Prosodic Font uses a combination of machine and human recognition techniques
to create text descriptions of prosodic parameters from a sound corpus
developed expressly for this thesis. The sound corpus is excerpted from
two speakers – one male and one female – who are telling stories about
four different emotional experiences. Because affective extremes produce
prosodic extremes, the corpus involves great prosodic variety and voice
range.
According to preliminary user testing results, people are able to identify systems of graphic transforms as representative of systems of prosodic variation. I found that rhythmic variation and variations in vocal stress are extremely important in peoples’ ability to match Prosodic Font files to speech audio files.
Thesis Supervisor: Ronald L. MacNeil
Principal Research Associate
MIT Media Laboratory
This work was performed at the MIT Media Laboratory.
Support for this work was provided by the National Endowment for the Arts,
the Digital Life and News in the Future corporate sponsor consortiums.
The views expressed herein do not necessarily reflect the views of the
supporting sponsors.
Thesis Reader
Stephanie Seneff
Principal Research Scientist
Laboratory for Computer Science, MIT
Thesis Reader
Maribeth Back
Creative Documents Initiative
Sound Designer
Xerox Corporation @ PARC
Certain colleagues at the Media Lab were collaborators and innovators in the course of my study. To these people who took the time to develop an ongoing intellectual, aesthetic conversation with me, I thank Janet Cahn, Kevin Brooks, Dave Small, Stefan Agamanalis, Brygg Ullmer, Peter Cho, Pushpinder Singh, Maggie Orth, Arjan Schutte, Phillip Tiongson, Nick Montfort, Tom Slowe, and Max VanKleek, my amazing and talented UROP. Thanks to Bill Keyes, Fernanda Viegas, and Tim McNerney, for the camaraderie during our short-lived internship in IG. Special thanks to Kevin Brooks, Maggie Orth, Nick Montfort, Laurie Hiyakumoto, Janet Cahn, Bill Keyes, and Richie Rivetz for contributions made to this Prosodic Font work.

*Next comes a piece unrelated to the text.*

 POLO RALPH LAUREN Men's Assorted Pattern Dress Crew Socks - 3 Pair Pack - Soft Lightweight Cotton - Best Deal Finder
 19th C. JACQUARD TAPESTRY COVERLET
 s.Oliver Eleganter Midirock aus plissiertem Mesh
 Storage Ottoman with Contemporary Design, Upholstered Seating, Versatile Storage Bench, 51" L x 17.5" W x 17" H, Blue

Many thanks are due to Ron MacNeil, a designer and my advisor for two years at the Media Lab, for not only allowing me to think and plan in abstract, wild terms, but for encouraging me to widen the purview of any stake I resolutely planted. Ron gave me freedom to learn and research.
Stephanie Shattuck-Hufnagel and Samuel J. Keyser placed me on my feet
initially in the vast and overwhelming field of prosody, rhythm and intonation.
Stephanie Seneff was instrumental in helping me focus the work and understand
arcane technicalities involved in speech recognition. Maribeth Back directed
me towards a body of literature that dealt with mapping relationships between
sound and image, as well as inspired me with ideas of Prosodic Font instruments.
Suguru Ishizaki’s own design work and feedback at nascent points in Prosodic
Font work focused and motivated me.
Glorianna Davenport and Justine Cassell welcomed me into their respective
research groups at various points and gave me the benefits of their creative
and scientific perspectives. John Maeda taught me the conceptual and technical
tools in his new course, Typography, that enabled me to write Prosodic
Font.
My love and appreciation to Mom and Dad, for continuously putting my life into perspective during the most difficult and busiest of times. Your gifts to me are more than I can ever realize.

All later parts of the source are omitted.